My understanding was that bumping up SO_RCVBUF
on the listening UDP socket would dramatically decrease packet loss. However, I hadn’t been able to prove the theory because I hadn’t seen an improvement in the total number of packets received. At least until I read this article on UDP packet loss on stackoverflow.com, that pointed me to the net.core.rmem_max
sysctl.
After modifying net.core.rmem_max
, setting it to 100M, just to avoid its effect, and using the following code in Net::Statsd::Server
:
# Bump up SO_RCVBUF on UDP socket, to buffer up incoming
# UDP packets, to avoid massive packet loss when load is very high.
setsockopt($self->{server}->fh, SOL_SOCKET, SO_RCVBUF, 1*1024*1024)
or die "Couldn't set SO_RCVBUF: $!";
I can see some very interesting effect.
Re-running the node.js statsd, I could see an increased amount of captured packets (1691700, 1675902, ~10% increase).
Running again the Net::Statsd::Server
daemon, I recorded 2678507 and 2477246 packets, for an impressive ~40% increase!
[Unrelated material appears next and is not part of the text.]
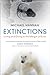 Extinctions: Living and Dyi...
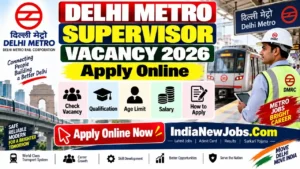 Delhi Metro Supervisor Vacancy 2026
As a last effort, I tried varying the SO_RCVBUF
size from 1 to 64Mb to see what effect it had on the amount of captured packets (or UDP packet loss if you prefer).
I haven’t run any scientific set of tests, but I can’t see any statistically significant increase for values greater than 4-8Mb, so I haven’t decided where to set the default in Net::Statsd::Server
yet. Any chosen value is likely to need specific sysctl tuning anyway, so YMMV.
Why?
Did I really do it for fun? Yes, mainly, but also because:
- I don’t like adding node.js to our production stack just to run statsd. I have never operated a node.js server, so I don’t want to take this “risk”. The product we’re building is going live soon! :-) And note that this does apply to anything, it’s not about node.js per se :-)
- to learn how statsd was put together
- to learn AnyEvent
- to learn how to build a high performance UDP server
- Basically, to learn :-)
Code is up on CPAN, as usual: https://metacpan.org/module/Net::Statsd::Server.
If you happen to use it, please give me some feedback!